Facebook News will feature personalization, with relevant stories being served based on what content you read. There will also be topic sections designed to cater to your specific interests, including business, entertainment, or science. You'll also be able to link your paid subscriptions to the platform, so that you can read material from within the Facebook app, should you wish to. And users will be able to hide "articles, topics and publishers" they don't want to see.
News won't simply swallow the news stories that are shared in people's feeds, however, but exist in its own tab. The company has said that it will focus, at least initially, on general news, topical news, diverse news and local news. Publishers that want to be involved will have to abide by certain rules on integrity, fact-checking and maintaining Facebook's own community standards.
Only websites that pass Facebook's bar for avoiding clickbait, not spreading hate speech and misinformation will be selected. And they will be "continually" checked to make sure that the criteria for inclusion are being met. It'll be interesting to see how the interaction of news on Facebook's community standards affects inclusion, especially for topics Facebook -- like nudity -- finds problematic.

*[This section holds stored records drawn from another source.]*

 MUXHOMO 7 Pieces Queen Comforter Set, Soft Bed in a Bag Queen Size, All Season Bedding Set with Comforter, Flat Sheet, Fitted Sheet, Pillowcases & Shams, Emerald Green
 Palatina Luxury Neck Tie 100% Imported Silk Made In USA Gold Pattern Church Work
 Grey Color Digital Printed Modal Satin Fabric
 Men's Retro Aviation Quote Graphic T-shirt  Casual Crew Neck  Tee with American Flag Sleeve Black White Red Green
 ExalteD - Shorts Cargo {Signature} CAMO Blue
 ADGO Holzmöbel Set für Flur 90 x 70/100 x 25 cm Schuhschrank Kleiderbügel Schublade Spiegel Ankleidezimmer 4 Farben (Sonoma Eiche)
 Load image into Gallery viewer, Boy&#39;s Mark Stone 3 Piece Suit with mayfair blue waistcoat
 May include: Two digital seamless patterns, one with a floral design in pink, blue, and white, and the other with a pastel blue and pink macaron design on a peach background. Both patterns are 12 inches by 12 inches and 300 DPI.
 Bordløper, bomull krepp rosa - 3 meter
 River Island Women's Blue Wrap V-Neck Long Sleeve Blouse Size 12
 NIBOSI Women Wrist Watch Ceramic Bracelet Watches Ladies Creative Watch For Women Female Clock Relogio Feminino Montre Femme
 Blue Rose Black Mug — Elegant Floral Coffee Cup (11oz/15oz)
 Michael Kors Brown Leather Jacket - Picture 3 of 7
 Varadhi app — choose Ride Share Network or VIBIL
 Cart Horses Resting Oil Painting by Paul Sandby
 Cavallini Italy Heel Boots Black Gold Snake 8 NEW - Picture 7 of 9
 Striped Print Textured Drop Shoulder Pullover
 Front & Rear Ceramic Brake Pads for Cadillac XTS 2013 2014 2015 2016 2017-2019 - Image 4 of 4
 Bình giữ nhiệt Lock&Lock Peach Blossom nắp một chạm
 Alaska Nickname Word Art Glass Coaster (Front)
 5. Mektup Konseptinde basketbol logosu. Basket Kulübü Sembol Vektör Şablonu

In a blog post, the company's news team explains that the service won't rely upon algorithms alone, but human curation. The Today's Stories panel, for instance, will be picking long form and originally reported pieces, according to "publicly available guidelines." Rules for what can, and can't, be included will be published on Facebook News, so people can see how moderators make their decisions.
The initial test will focus on large cities and metro areas, including New York, LA, Chicago, Dallas Forth Worth, Philadelphia, DC, Miami, Houston, Atlanta and Boston. Local newspapers in those areas will get preferential access to the platform, it appears, as part of Facebook's drive to highlight local reporting. And the rollout will continue across the US for, at least, the foreseeable future.
Back in 2016, Facebook was criticized after reports emerged that its human moderators were suppressing stories. Two years later, the company would kill off its Trending News section entirely, saying that it would be replaced by a new news product in the future. Since then, Facebook's role in the distribution of misinformation has come under sustained scrutiny from both sides of the aisle.
And, before it even launched, Facebook News has already raised heckles amongst some of the larger news publishers. A few days ago, the Financial Times reported that the site will compensate Condé Nast and Dow Jones for the use of their content. But Reuters and the Associated Press claim that they have not been promised any money. Not to mention that the site has prior form when it comes to its dealings with news publications that leave the latter out of pocket.